The United States Court of Appeals for the Fourth Circuit has agreed that North Carolina may issue “pro-life” license plates without offering a “pro-choice” alternative.

The court majority rejected the ACLU’s arguments

North Carolina operates a specialty license plate program that offers, inter alia, a “Choose Life” plate, but the State has repeatedly rejected efforts to include a pro-choice license plate. The ACLU and several vehicle owners brought this action alleging that the State violated the First and Fourteenth Amendments by refusing to offer a pro-choice license plate. The district court granted summary judgment in favor of the plaintiffs and issued an injunction prohibiting the State from issuing “Choose Life” plates without also offering a pro-choice plate…

 The specialty license plate program at issue here is substantively indistinguishable from that in Walker, and the Walker Court’s analysis is dispositive of the issues in this case.
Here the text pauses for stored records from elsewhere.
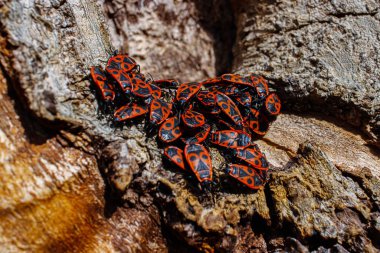 Kundakçı Pyrrhocoris apterus. Pyrrhocoridae familyasının yaygın böceği. Ağaç kabuğundaki büyük kundakçı grubunun toplu davranışları. Doğanın sırtı. Üst Manzara. Kapatın. Seçici odak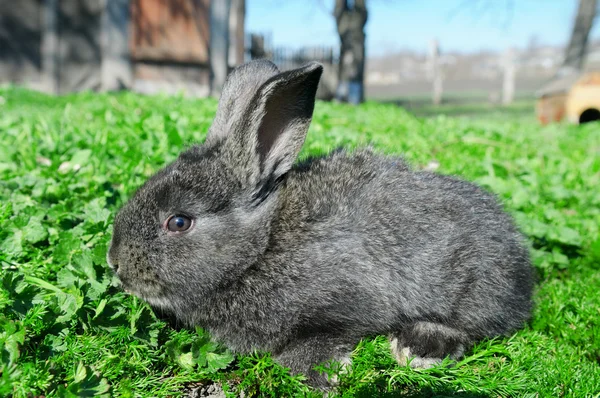 Pequeño conejo sobre fondo de hierba verde — Foto de Stock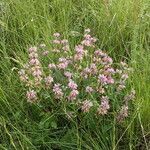 Phlomis herba-venti habit picture by Sylvain Piry (cc-by-sa)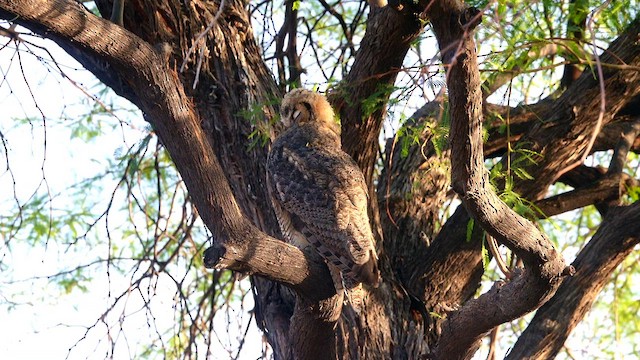 Great Horned Owl - ML638297629
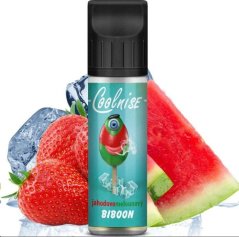 Příchuť CoolniSE S&V 10ml BIBOON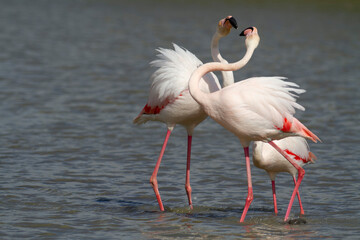Fototapeta premium Greater Flamingo Phoenicopterus roseus from Camargue, southern France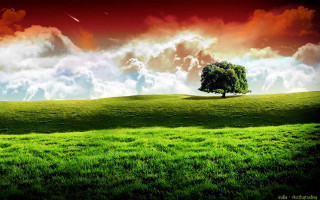 Lone tree grassy hill cloudy 7 - a red sky free wallpaper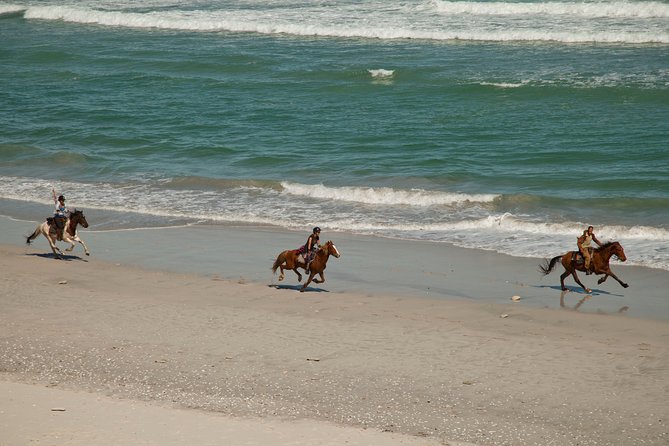 Beach Ride - Stanford - Infant Seating Guidelines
Accordingly, we now conclude that specialty license plates issued under North Carolina’s program amount to government speech and that North Carolina is therefore free to reject license plate designs that convey messages with which it disagrees. See Walker, 135 S. Ct. at 2245 (“When government speaks, it is not barred by the Free Speech Clause from determining the content of what it says.”). We therefore reverse the district court’s grant of summary judgment in favor of the plaintiffs and remand with instructions that the district court enter judgment in favor of the defendants.

Judge Wynn dissented

North Carolina invited its vehicle owners to “[m]ake a statement” and “promote themselves and/or their causes”—but only if they were on the government’s side of a highly divisive political issue. This, North Carolina may not do. Because the specialty plate speech at issue is not pure government speech, North Carolina’s allowing a “Choose Life” plate while rejecting a pro-choice plate constitutes viewpoint discrimination in violation of the First Amendment. For this reason, I would affirm the district court’s ruling in Plaintiffs’ favor and must respectfully dissent.